In two simple words -- Spirit and Truth - Jesus reveals to the Samaritan woman and to all of us the essence of prayer. As God is a spiritual being, he is everywhere, prayer does not need done in a specific place; God transcends all places and at the same time is indwelling in all of them. Not restricted to a specific place, prayer is conditioned by our way of being and living. One can only pray, can only encounter God, when one lives and remains in the truth.

Yahweh, the God of the nomads

Greg Retallack did a research, where he established a relation between the identity of a deity worshipped in a particular temple and the location of this same temple. For example, the nomads living in areas with poor soils worshipped Hermes, the messenger of gods and the intercessor between mortals and the divine; peoples stationed in fertile terrains tend to worship gods of fertility like Hera.

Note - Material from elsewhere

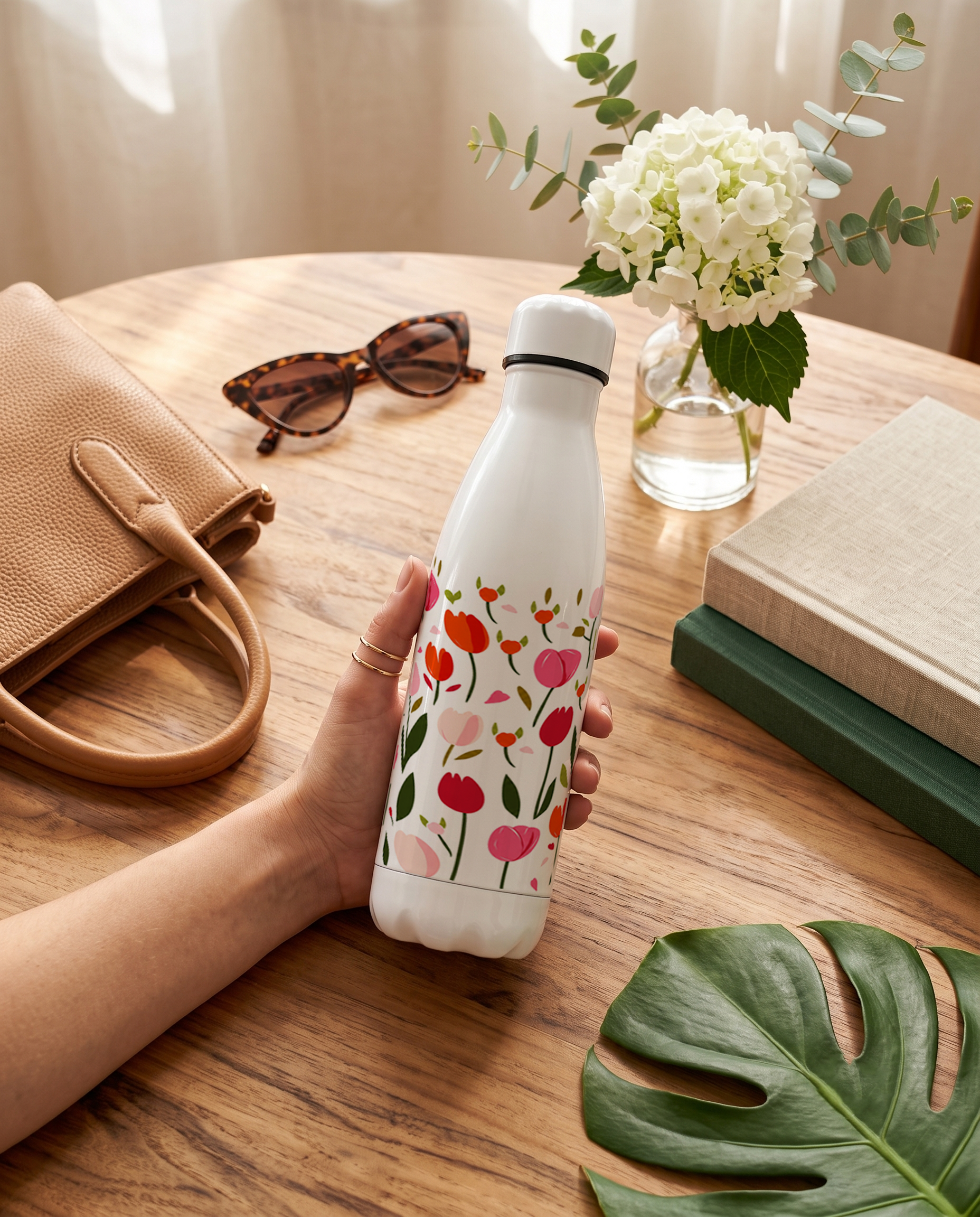 Aarkeo Double Walled Stainless Steel Water Bottle 550ml | Luma Bloom Print | Insulated Leakproof Hot & Cold Bottle for Office, Gym & Travel 1219 Avenue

Retallack concludes that the gods of ancient Greece did not arise from an imaginary poetic city, called Olympus, but they personify the lifestyles of those peoples; the bottom line, the ancients worshipped their own means of subsistence, or better said, they worshipped the One whom they believed would ensure these means.

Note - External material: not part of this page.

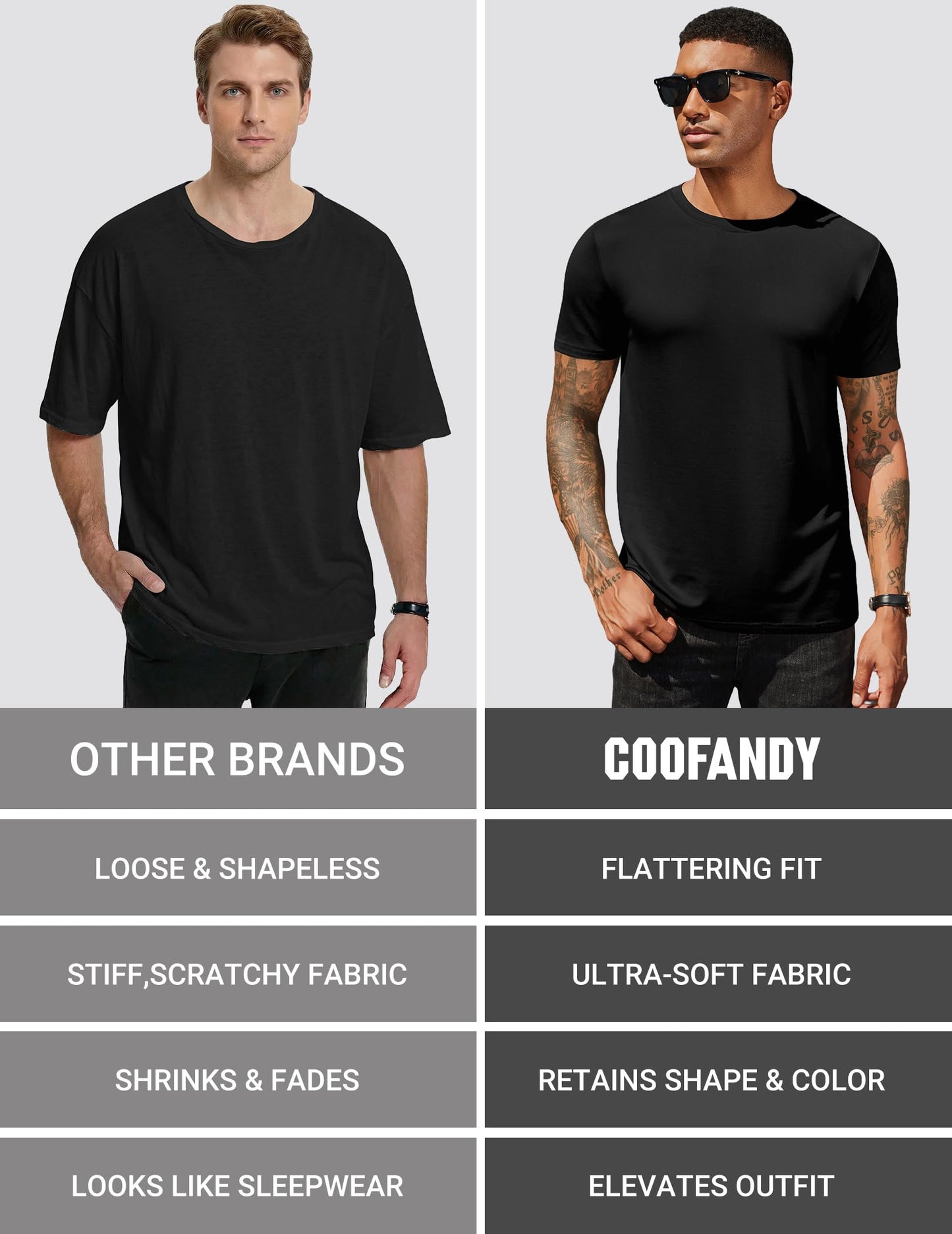 COOFANDY Men's Short Sleeve T-Shirts 1 Pack Crew Neck Casual Summer Lightweight Basic Tee Shirt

God is a spiritual being - Compelled to guide their flocks in search of new pastures, peoples dedicated to pastoralism, like the Jewish people, are necessarily nomads. While the sedentary peoples build large temples and large statues to represent their beliefs; the nomads, in order not to carry heavy idols on their moves, conceptualized God as a Being who is at the same time transcendent and indwelling.

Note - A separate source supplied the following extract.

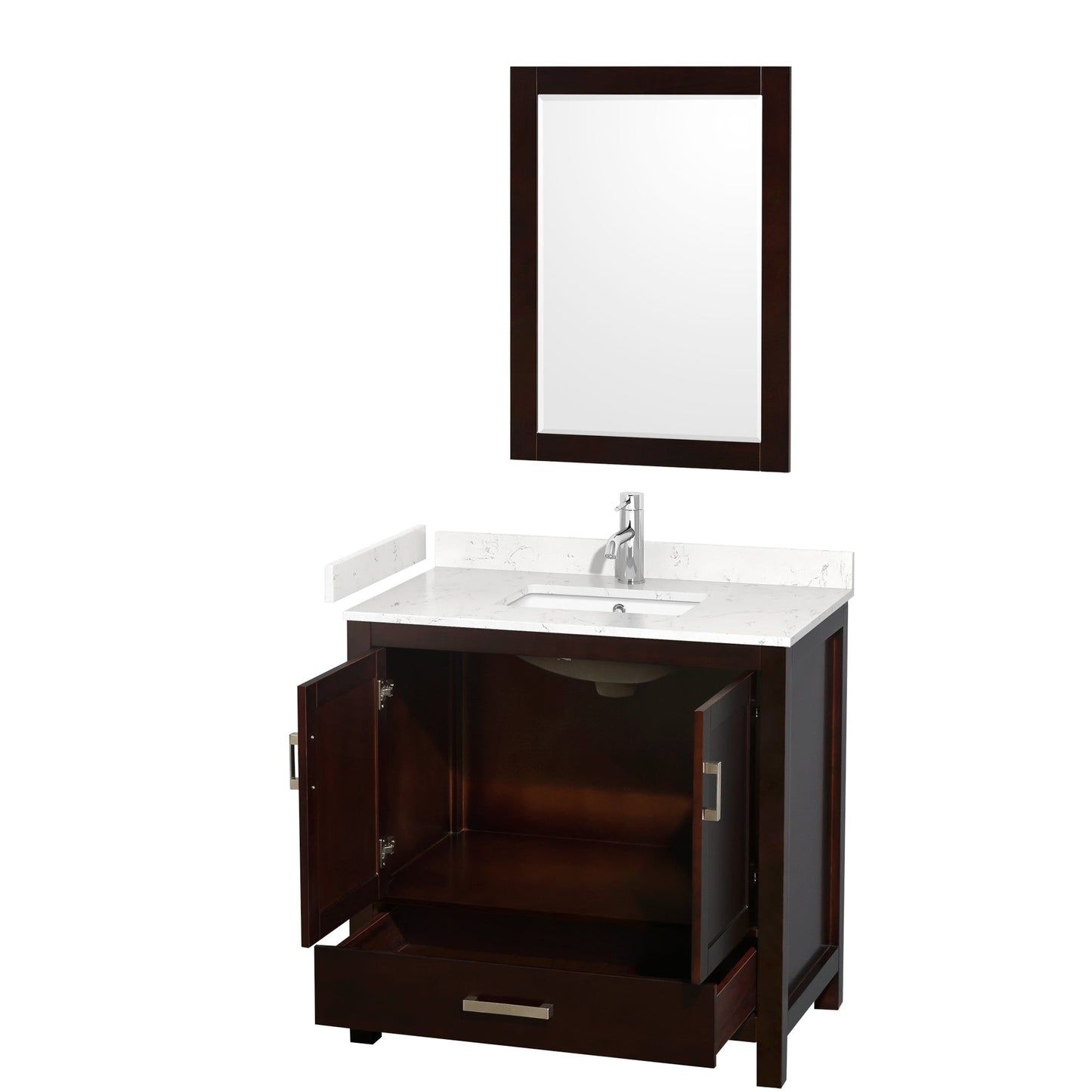 Wyndham Collection Sheffield 36" Single Bathroom Vanity in Espresso, Carrara Cultured Marble Countertop, Undermount Square Sink, 24" Mirror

Transcendent because to be Creator of everything and everyone, he cannot be represented by anything that exists; for the nomads any material way of representing God is idolatry. Indwelling because he is in the heart of everything and each person, therefore easy to carry.

The Turkana, in northern Kenya, use the same word to mean both sky and God. In the same manner the Mongols, the Turks and the Tartars all worshipped Tengri, God of the blue sky. God, as in Heaven, is everywhere. A reality that is at the same time both transcendent and indwelling cannot be of material essence but rather of spiritual one.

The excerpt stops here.